Le coup de force du 25 juillet a proclamé par la bouche de son auteur Kais Saïed que les institutions post-révolution sont toutes corrompues, tout comme les hommes qui les servaient. Le « politique » au moyen de la violence dénigrant un régime conçu, malgré tout, de manière démocratique (avec ses vices et ses vertus), procède à la suspension, puis dissolution radicale, sans nuance, des institutions, des hommes et du droit, en vue d’une autre finalité, un autre système, et refaire une Constitution à son image, autoritaire et conservatrice. Le dépositaire de l’avenir du peuple, hanté par les réminiscences d’un passé politique limpidement autoritaire, est doublement paradoxal : c’est un réformateur du conservatisme et c’est un homme aussi populaire qu’isolé.

Il faut dire qu’on ne peut juger en définitive du caractère violent d’une action politique d’après ses effets ni d’après ses fins, mais seulement d’après la loi de ses moyens. La violence tient beaucoup plus de l’héroïsme de ses auteurs, désireux de forger un mythe, que de l’efficacité et de la légitimité dans la durée. Communisme, fascisme hitlérien et mussolinien, et autoritarisme benalien se sont évaporés comme un château de cartes, en dépit de leur résistance historique. Le contrat politique ne résiste pas à la violence dans la culture démocratique. La violence se maintient jusqu’à ce que de nouvelles violences, celles qui étaient auparavant brimées, remportent à leur tour une victoire sur la violence précédente, censée être fondatrice du droit. Un nouveau droit violent chasse l’ancien droit tout autant violent. Le droit de la révolution a chassé par la force de tout un peuple le droit de la violence d’un seul, du dictateur.
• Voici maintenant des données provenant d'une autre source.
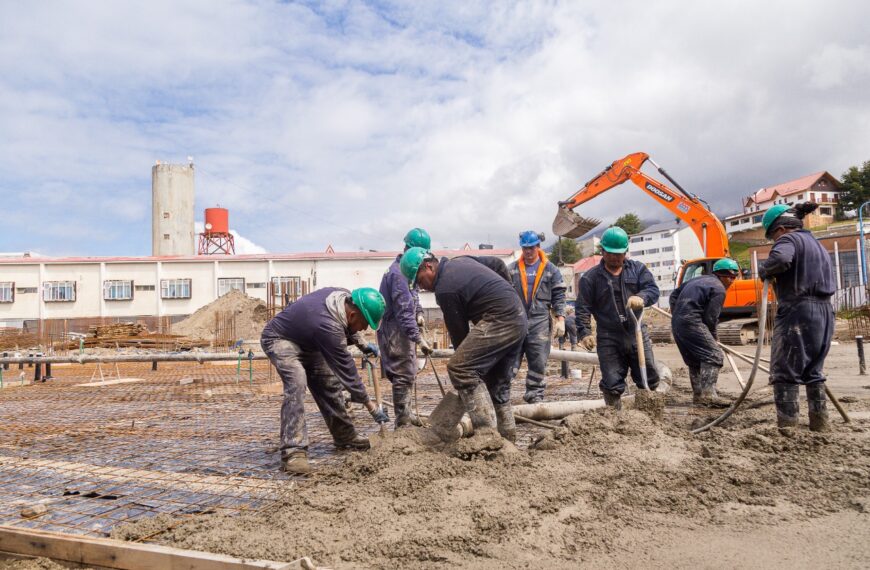 Obras Públicas firmó el contrato para iniciar la construcción de la nueva área de neonatología del Hospital de Ushuaia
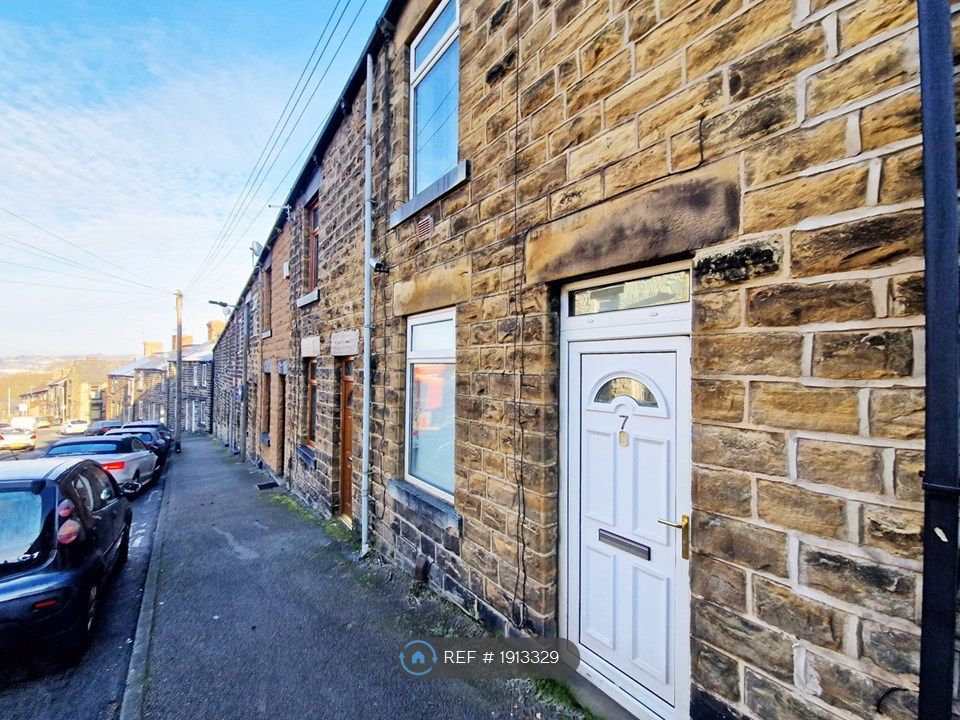 2 bed terraced house to rent in Vernon Street, Barnsley S71, £650 pcm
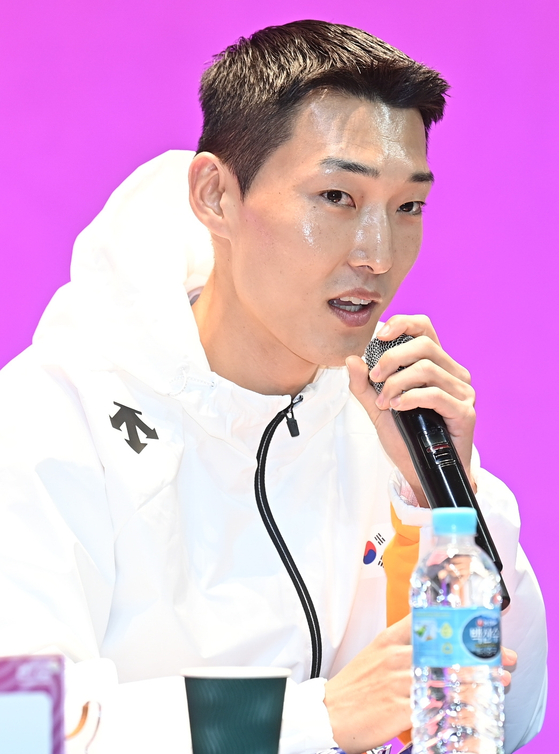 구미 아시아육상경기선수권대회 하루 전인 26일, 우상혁이 각오를 밝히고 있다. 뉴스1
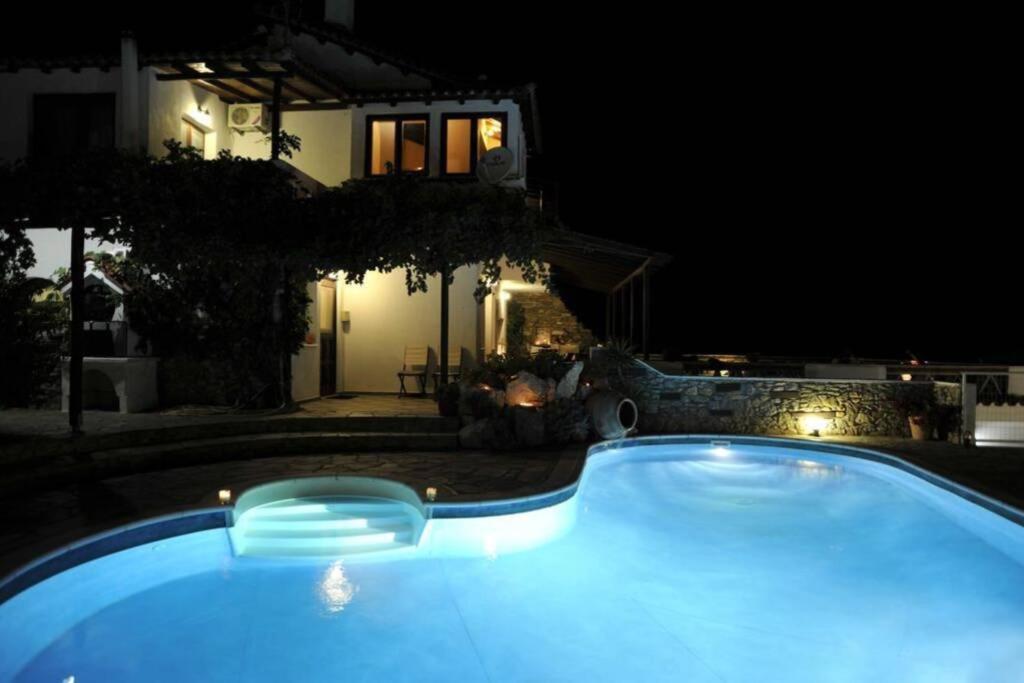 Erifili Villa *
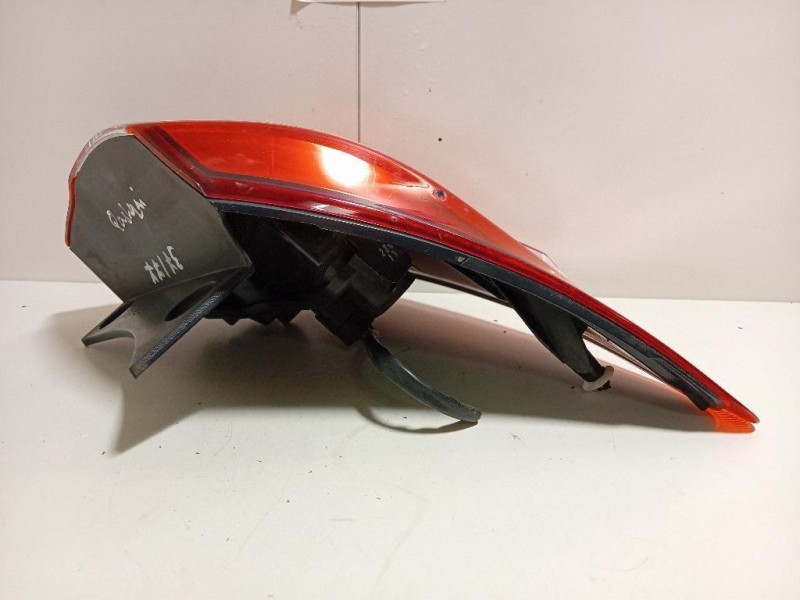 Fanale POST SX Nissan Qashqai II 2014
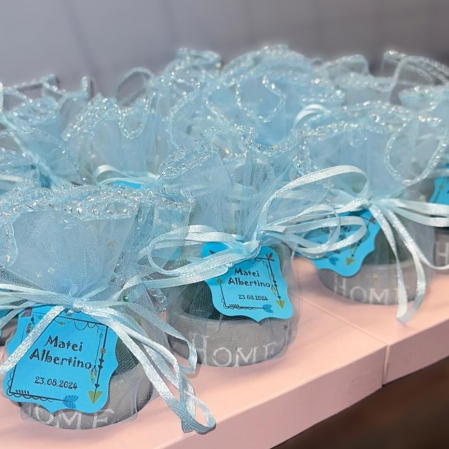 Marturii botez baiat – lumanare cactus in ghiveci gri cu tulle albastru si eticheta personalizata [1]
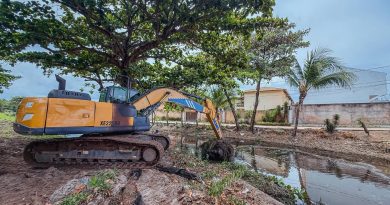 Prefeitura de Lauro de Freitas dá continuidade à limpeza no Rio Sapato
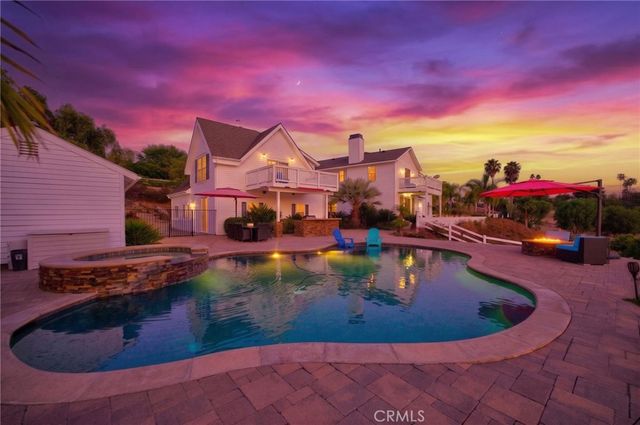1130 Sierra Bonita, Fallbrook, CA 92028
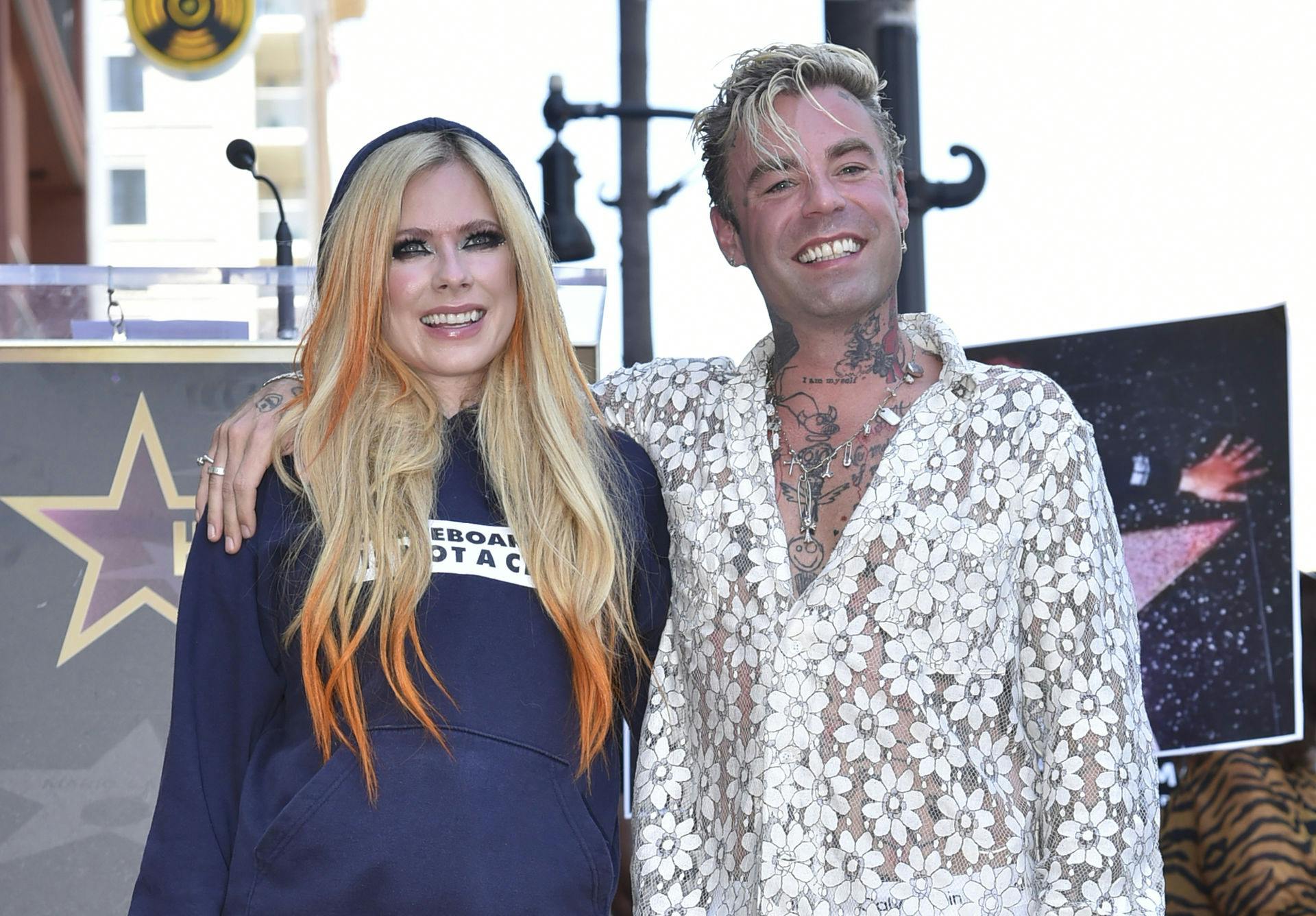 Det var lige før, kirkeklokkerne ringede hos Avril Lavigne og Mod Sun. Men nu er det hele anderledes.&nbsp;
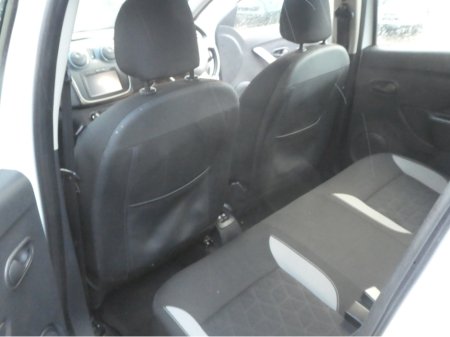 2015 Dacia Sandero STEPWAY SIGNATURE 1.5 DCI 90 4 €6,450 thumbnail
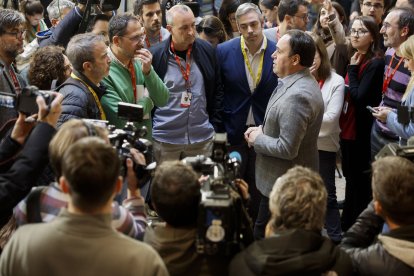 El nuevo president de la Generalitat, Juanfran Pérez Llorca, conversa con los medios durante el acto en el que ha anunciado la composición de su gobierno, este miércoles en el Palau de la Generalitat.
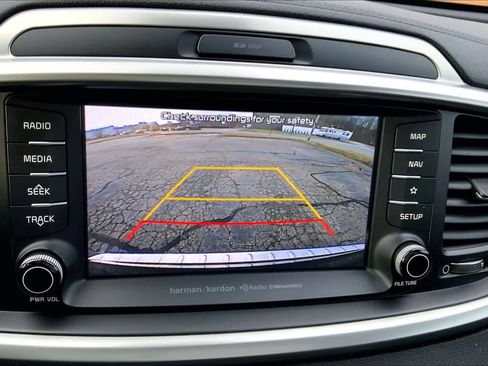 Used 2019 Kia Sorento SX image 29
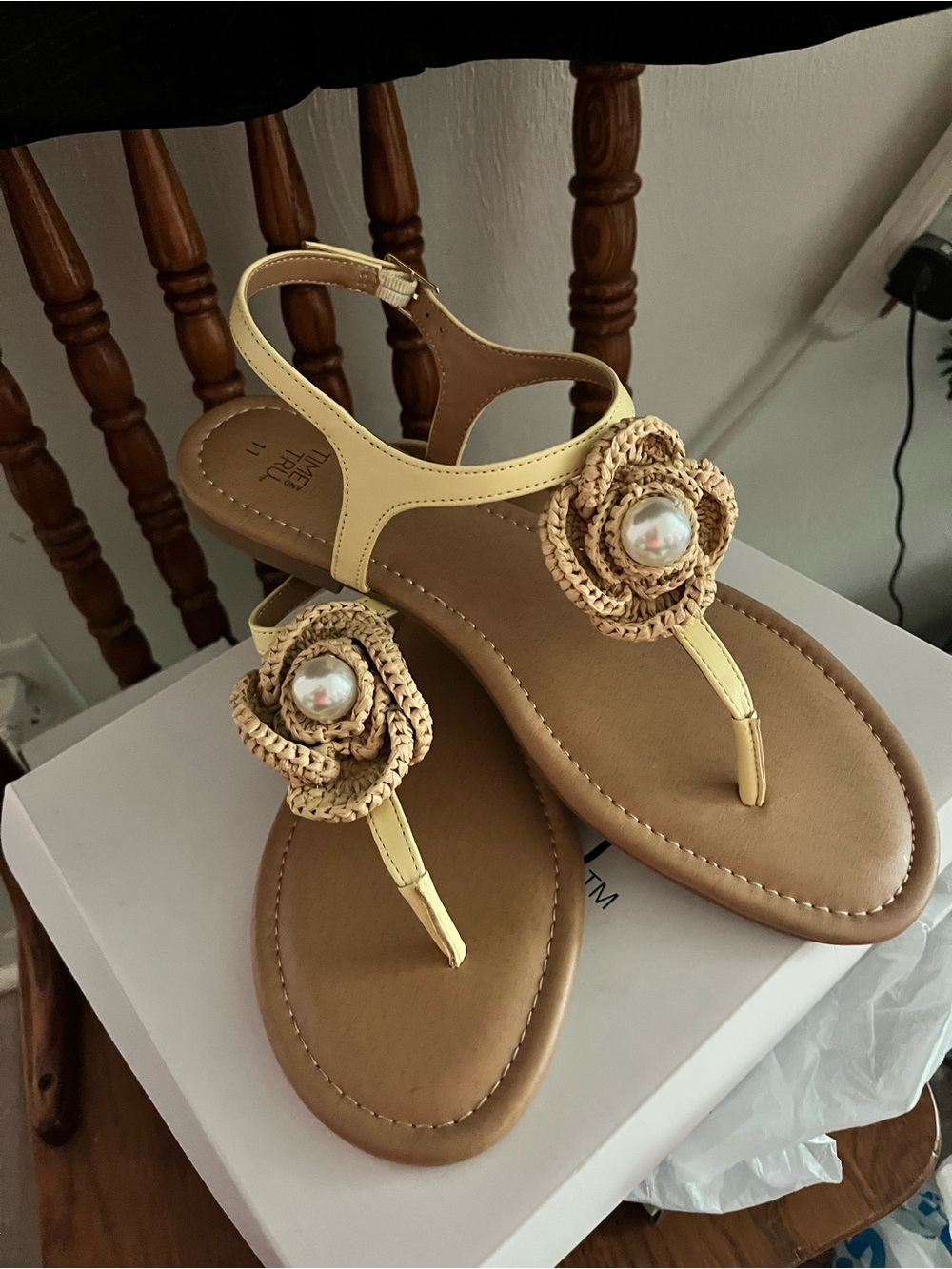 Women’s Cream T‑Strap Pearl Flower Sandals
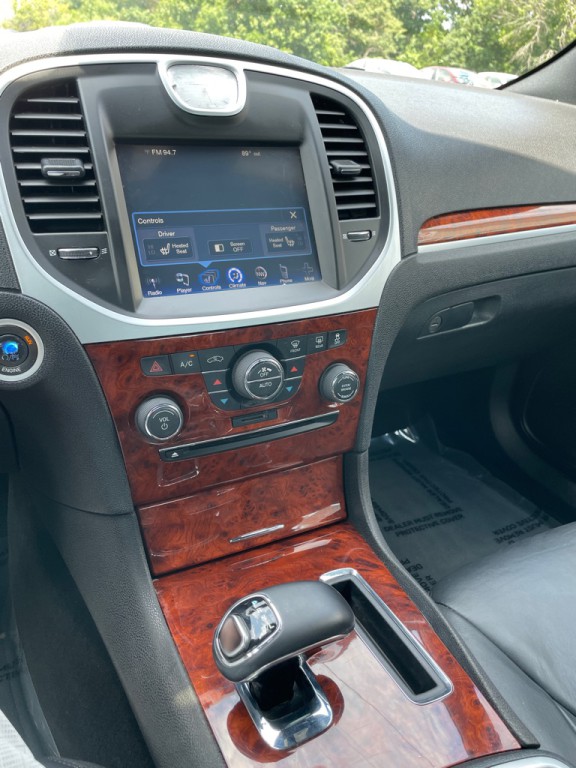 2012 Chrysler 300 Image 15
Ce qui montre que si un des rapports fondamentaux de tout ordre politique est celui des fins et des moyens, la violence s’incarne d’abord dans le domaine des moyens, et pas dans celui des fins. Mais, on peut aussi savoir si la violence est un moyen qui vise des fins justes ou injustes. Le communisme projetait de parvenir à des fins justes, universelles, à l’égalité, mais au moyen de la violence brute dite « dictature du prolétariat ». Le nazisme, au contraire, voulait parvenir par une violence abominable à des fins injustes, contraires, l’inégalité, la discrimination, le racisme. C’est cela la dialectique des moyens et des fins. Cette dialectique en Tunisie joue beaucoup plus depuis le 25 juillet autour des moyens, des procédés utilisés par Saied pour parvenir à refonder ou redéfinir un régime et un Etat, qu’autour des finalités. Est-ce que cela en valait la peine ? Il y avait un consensus sur la réforme des institutions et du régime, sur les abus des islamistes, sur la corruption, sur les abus parlementaires. Aussi indéterminées et obscures que soient pour l’instant les finalités envisagées dans la redéfinition des institutions du pays, les moyens utilisés auraient pu être autres. Les moyens ne devraient pas être dans la raison politique disproportionnés aux finalités. Les finalités envisagées étaient politiquement réalisables par les procédés du dialogue, et même par un usage habile et non abusif de l’état d’exception. On n’est pas obligé de tout démolir, de tout violenter, de confisquer les pouvoirs par la brutalité et l’indétermination si on voulait réformer avec intelligence. Le contraire aurait accrédité l’idée que le président tunisien, en perte de raison, voulait embellir son héroïsme auprès des masses et de l’histoire. Il y a bien manipulation de l’histoire.